He told the court that on April 10, Mr Cole was one of two supervisors at the premises. His first job was to light the ovens and get them to the required temperature but on this occasion oven number one would not light.

He said: "The operating instructions for the ovens suggest that two attempts should be made to light an oven. If the oven fails to light after two attempts, the engineer should be called.

"It appears that on this occasion Mr Cole made repeated attempts to light number one oven. Another employee heard the oven bell alarm ringing repeatedly from about 4am."

The prosecutor said Mr Cole, of Halifax, tried to contact the bakery manager at 4.21am and 10 minutes later, other employees arriving for work could smell gas from their position outside the premises.
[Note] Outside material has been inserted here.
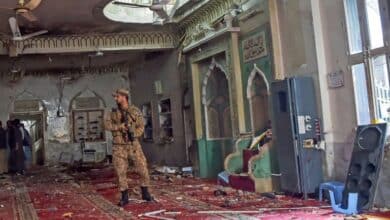 Photo of Pakistan police try to ID bomber as death toll rises to 62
The court heard Mr Cole came outside and told others that one of the ovens would not light and that he had telephoned his manager. The alarm bell continued to sound and Mr Cole went back inside.

Just before 5am, an employee went back into the premises to ask Mr Cole to turn off the alarm. He saw that Mr Cole had removed part of the front panel on number one oven and was using switches inside the casing.

"Mr Cole then turned off the alarm at the main switch on the control panel," said Mr Harrison.

"At the time of the explosion (the other employee) was in the pastry room when he heard a large bang and felt a shock wave come past him and blow out the windows of the building.

"He then climbed out of the windows, along with other employees, into the car park.

"He could see that a fire had started inside the building and shouted others to get out."